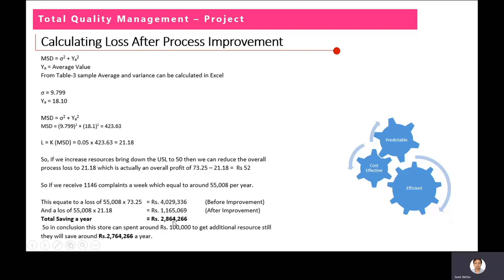Total savings per year would be around 2.8 million. If we assume we apply extra resources — hiring a new person or giving the current staff overtime to resolve complaints in less time — and spending 100,000 a year on that additional resource, we can still save around 2.7 million a year. Applying the Taguchi loss function, we can actually evaluate how much we can save.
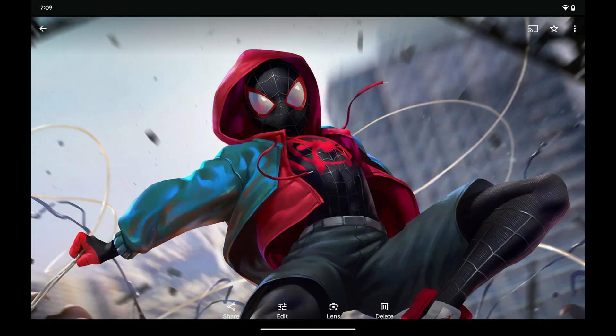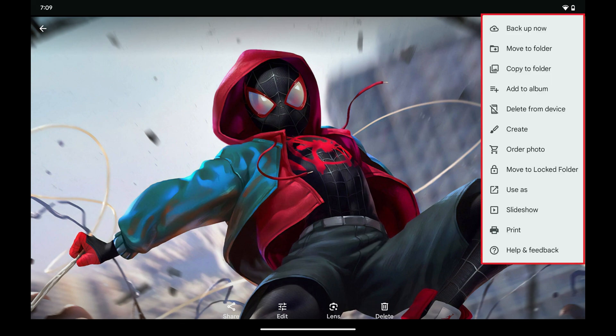Step 1: Open the image in Google Photos that you want to convert to a PDF on Android. Step 2: Tap the ellipses at the top of the screen to open a menu, and then click Print in this menu.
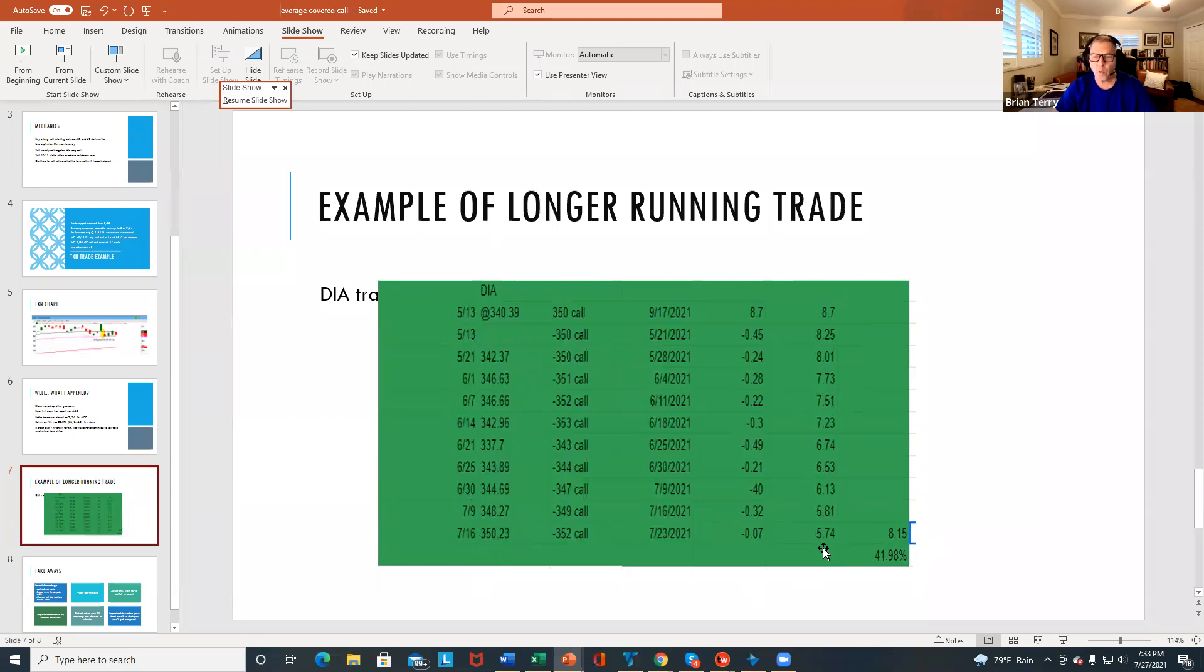So that was a 41.98% return in about two months. So that's an example of a trade that takes a little longer to kind of get through.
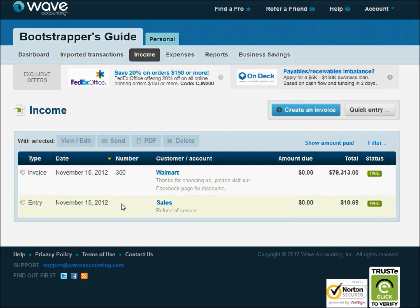You can see they both show up in there. In a few minutes, on our next episode, we'll look at how to create expense transactions and how those work inside of Wave. So check in with us again soon.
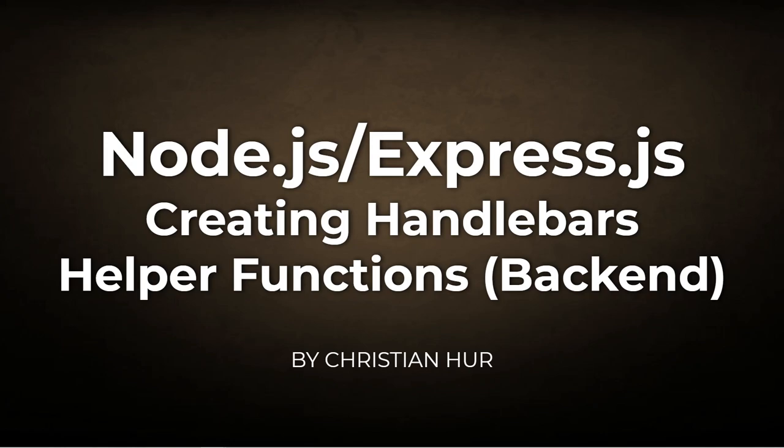Hello, this is Christian. Welcome to the video. In this video, I'm going to show you how to create Handlebars helper functions in the backend using Node.js and Express.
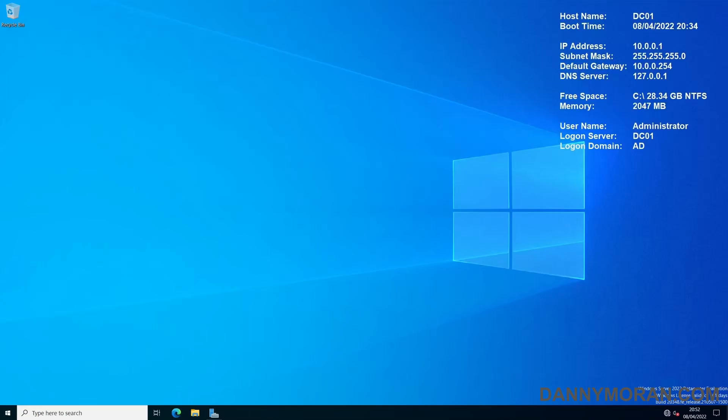I'm going to go over a quick and easy way to manage and deploy local administrator permissions on Windows servers and Windows workstations connected to an Active Directory domain.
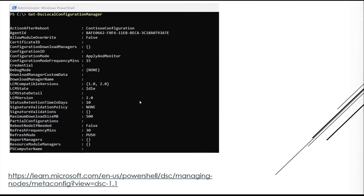These properties can be changed based on your requirements. For example, if you want to change ConfigurationModeFrequencyMins from 15 to 30, that is possible. However, you cannot change these directly — you need to write a configuration script. In the previous section I showed how to write a node configuration script for pushing a deployment, such as installing Telnet. If you haven't watched part one, go back and watch that first.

*Problem details:* Locate the line containing "Hello, this is" in the records above, then output it and every line after it through the last, excluding pictures.

*Task output:*
Hello, this is Christian. Welcome to the video. In this video, I'm going to show you how to create Handlebars helper functions in the backend using Node.js and Express.
I'm going to go over a quick and easy way to manage and deploy local administrator permissions on Windows servers and Windows workstations connected to an Active Directory domain.
These properties can be changed based on your requirements. For example, if you want to change ConfigurationModeFrequencyMins from 15 to 30, that is possible. However, you cannot change these directly — you need to write a configuration script. In the previous section I showed how to write a node configuration script for pushing a deployment, such as installing Telnet. If you haven't watched part one, go back and watch that first.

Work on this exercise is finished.